Before the start of business, Just Security provides a curated summary of up-to-the-minute developments at home and abroad. Here’s today’s news.
Department of Defense
President Obama has picked former DoD lawyer, Jeh Johnson to succeed Janet Napolitano as Homeland Security chief, a White House official has confirmed to The Hill (Jeremy Herb and Justin Sink). According to a senior administration official, Johnson was selected for his “sound judgment and counsel” as the Pentagon’s top lawyer, where he led a legal staff of 10,000. The nomination announcement is set for later this afternoon. Daniel Klaidman broke the story at the Daily Beast yesterday.
In a press briefing yesterday, Defense Secretary Chuck Hagel stressed the importance of a “balanced long-term spending bill” [Washington Post’s Ernesto Londoño]. He said:
If this fiscal uncertainty continues, it will have an impact on our economy, our national security, and America’s standing in the world. And if the sequester level continues, there will also be consequences.
DOD Comptroller Robert F. Hale said that the furloughs of civilian employees as a result of the government shutdown cost the department at least $600 million in productivity, while other costs had yet to be calculated [American Forces Press Service’s Claudette Roulo].
In an interview with New York Times’ James Risen, Edward Snowden stated, “[t]here’s a zero percent chance the Russians or Chinese have received any documents.” He claimed that the NSA knew he had not cooperated with Russia or China. He also said that he did not take any files to Russia as “it wouldn’t serve the public interest.”
Foreign Policy’s Shane Harris notes that President Obama’s likely pick for the next NSA director, Vice Admiral Michael S. Rogers has “all of the intelligence and military credentials for the position,” but writes that he has a less demonstrable track record of interacting with members of Congress or the Homeland Security Department.
A senior official has told NPR that the Justice Department has identified a criminal case in which it intends to tell defense lawyers that secret intercepts were used to help build the prosecution case (Carrie Johnson). An issue still being debated in the department is what type of disclosure prosecuting lawyers are required to make when cases are “derived from” evidence gathered under section 702 of the FAA.
In a response to Snowden’s disclosures earlier this year, the EU is planning to pass new data protection standards that will curb the ability of U.S. companies and social media providers to transfer European data to third countries [The Guardian’s Ian Traynor]. The regulations will also authorize fines for non-compliance running into billions.
At an inquiry prompted by Snowden’s leaks at the European Parliament earlier in the week, international experts claimed that mass surveillance conducted by the NSA and GCHQ breached international law [Slate’s Ryan Gallagher].
In the U.K., The Guardian editorial questions whether some politicians “understand the meaning of a press free to report on matters of high public importance.” The editorial notes that unlike in the U.K., there are “practically no voices in Congress calling for the Washington Post or New York Times to be investigated.”
Foreign Policy’s The Cable (Colum Lynch) reports that the UN recently uncovered a “credible” terrorist plot by the Somali organization, al-Shabaab against the UN compound in Mogadishu, according to senior UN officials.

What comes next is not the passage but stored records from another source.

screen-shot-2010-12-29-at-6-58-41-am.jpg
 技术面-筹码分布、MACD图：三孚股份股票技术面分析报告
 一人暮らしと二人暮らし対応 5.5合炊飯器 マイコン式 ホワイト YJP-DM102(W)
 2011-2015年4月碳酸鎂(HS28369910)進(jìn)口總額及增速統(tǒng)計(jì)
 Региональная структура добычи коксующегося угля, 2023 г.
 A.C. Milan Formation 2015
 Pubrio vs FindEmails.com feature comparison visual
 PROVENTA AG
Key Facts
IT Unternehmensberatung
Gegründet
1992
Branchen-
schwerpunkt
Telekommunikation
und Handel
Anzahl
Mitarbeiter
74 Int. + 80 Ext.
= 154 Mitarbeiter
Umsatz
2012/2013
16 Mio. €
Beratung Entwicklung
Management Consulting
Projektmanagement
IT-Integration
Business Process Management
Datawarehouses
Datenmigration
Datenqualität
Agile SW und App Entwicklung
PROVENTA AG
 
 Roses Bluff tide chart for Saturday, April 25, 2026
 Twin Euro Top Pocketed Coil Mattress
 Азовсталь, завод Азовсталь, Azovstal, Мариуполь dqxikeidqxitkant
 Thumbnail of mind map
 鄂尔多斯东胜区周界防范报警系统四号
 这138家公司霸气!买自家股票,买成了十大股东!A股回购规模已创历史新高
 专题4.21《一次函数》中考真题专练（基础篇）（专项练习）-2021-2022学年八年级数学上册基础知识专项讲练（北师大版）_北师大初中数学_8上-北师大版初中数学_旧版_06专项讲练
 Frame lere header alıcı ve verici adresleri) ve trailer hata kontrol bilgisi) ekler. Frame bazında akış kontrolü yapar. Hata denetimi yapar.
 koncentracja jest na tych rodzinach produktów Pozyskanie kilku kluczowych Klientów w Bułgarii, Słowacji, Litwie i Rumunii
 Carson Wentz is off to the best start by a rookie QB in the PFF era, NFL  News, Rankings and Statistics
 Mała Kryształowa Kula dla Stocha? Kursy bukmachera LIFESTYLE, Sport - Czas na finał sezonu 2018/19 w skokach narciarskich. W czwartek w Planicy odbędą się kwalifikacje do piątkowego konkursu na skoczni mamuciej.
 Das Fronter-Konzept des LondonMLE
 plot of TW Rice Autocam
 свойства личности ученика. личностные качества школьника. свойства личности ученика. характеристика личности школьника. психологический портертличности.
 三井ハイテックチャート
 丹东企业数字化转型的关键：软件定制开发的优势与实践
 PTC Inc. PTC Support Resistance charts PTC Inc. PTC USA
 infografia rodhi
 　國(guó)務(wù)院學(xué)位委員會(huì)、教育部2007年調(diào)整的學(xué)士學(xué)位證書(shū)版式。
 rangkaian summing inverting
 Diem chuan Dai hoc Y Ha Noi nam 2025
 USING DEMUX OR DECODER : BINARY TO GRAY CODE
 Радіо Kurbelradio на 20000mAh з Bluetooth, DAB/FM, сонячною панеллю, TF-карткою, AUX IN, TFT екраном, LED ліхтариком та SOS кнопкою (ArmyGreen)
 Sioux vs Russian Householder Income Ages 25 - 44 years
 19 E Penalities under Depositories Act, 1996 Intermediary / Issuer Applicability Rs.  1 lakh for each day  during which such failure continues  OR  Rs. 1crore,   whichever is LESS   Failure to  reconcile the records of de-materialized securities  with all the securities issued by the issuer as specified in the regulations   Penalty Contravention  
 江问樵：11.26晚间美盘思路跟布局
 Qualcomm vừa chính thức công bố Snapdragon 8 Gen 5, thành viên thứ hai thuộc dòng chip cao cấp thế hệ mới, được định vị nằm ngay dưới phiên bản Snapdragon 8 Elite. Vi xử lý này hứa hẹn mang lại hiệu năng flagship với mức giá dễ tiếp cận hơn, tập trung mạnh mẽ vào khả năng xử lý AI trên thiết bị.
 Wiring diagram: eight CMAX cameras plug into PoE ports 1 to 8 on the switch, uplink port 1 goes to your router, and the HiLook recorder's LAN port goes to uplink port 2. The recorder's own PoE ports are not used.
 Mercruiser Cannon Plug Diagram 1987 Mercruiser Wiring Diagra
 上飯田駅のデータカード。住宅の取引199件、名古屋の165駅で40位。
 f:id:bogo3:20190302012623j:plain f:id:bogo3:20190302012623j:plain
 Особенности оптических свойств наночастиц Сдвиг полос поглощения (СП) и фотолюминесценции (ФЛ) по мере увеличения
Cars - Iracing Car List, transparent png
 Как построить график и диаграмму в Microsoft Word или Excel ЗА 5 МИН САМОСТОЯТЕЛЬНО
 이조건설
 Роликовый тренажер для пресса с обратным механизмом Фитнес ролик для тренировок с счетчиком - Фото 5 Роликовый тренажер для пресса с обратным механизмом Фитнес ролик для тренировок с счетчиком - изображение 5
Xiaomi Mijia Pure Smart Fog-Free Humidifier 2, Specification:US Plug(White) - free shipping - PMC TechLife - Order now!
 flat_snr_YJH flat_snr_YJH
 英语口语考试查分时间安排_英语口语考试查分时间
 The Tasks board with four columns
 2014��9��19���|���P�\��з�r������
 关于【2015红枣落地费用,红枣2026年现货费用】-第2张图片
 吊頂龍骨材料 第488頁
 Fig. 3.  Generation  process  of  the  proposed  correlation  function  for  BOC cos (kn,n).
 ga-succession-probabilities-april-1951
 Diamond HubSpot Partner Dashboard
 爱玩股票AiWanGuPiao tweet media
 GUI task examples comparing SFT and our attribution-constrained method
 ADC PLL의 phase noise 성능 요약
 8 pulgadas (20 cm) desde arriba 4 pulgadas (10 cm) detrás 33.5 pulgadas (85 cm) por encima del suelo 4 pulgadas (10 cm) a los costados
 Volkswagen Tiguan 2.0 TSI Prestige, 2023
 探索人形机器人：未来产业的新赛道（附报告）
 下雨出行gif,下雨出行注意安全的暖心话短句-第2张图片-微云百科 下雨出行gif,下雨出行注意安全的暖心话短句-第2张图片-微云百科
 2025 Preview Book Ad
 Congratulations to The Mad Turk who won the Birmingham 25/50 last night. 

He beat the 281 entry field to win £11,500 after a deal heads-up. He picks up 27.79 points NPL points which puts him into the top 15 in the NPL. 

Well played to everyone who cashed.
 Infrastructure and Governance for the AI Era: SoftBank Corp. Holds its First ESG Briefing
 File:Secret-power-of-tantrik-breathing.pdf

The report, which was submitted to the Security Council, stated that the “risk of asymmetric attacks has significantly curtailed the mobility of UN staff in Mogadishu and hampers delivery of critical UN programs in support of [Somalia’s] Federal government.” It was in response to this threat that Secretary General Ban Ki-moon called for additional troops in Somalia earlier this week.
Meanwhile, the U.S. embassy in Uganda’s Kampala has issued a warning to Americans about a possible Westgate mall-style attack occurring in the city [CNN].
Following the first round of negotiations, a senior administration official has said that the White House is considering a proposal that would offer Iran access to billions of dollars in frozen funds if Iran takes specific steps to curb its nuclear program [New York Times’ Mark Landler]. The plan would involve freeing up Iran’s frozen overseas assets in installments, and according to the official, avoid the political and diplomatic risks of repealing the sanctions regime altogether.
Iran’s state-run media, IRNA has quoted the Iranian government officials as expressing optimism that a deal with the West can be reached [CNN’s Laura Smith-Spark and Jim Sciutto]. IRNA reported Deputy Foreign Minister Abbas Araqchi as stating that the P5+1 “has accepted the overall framework of Tehran’s new proposal to settle differences but said we should wait for their practical measures.”
And Iranian Foreign Minister Javad Zarif cautions against believing Iranian sources claiming to have details about the nuclear deal:
Iranian sources talking to media are speculating themselves. Those who know the details (from Iran and hopefully 5+1) will not talk.
— Javad Zarif (@JZarif) October 18, 2013
However, skepticism over a possible nuclear deal continues in Tehran and Washington [Washington Post’s Joby Warrick and Jason Rezaian]. A few lawmakers in both countries have opposed the possibility of any compromise, including U.S. Sen. Marco Rubio (R-Fla.) who has called for greater economic penalties against Iran.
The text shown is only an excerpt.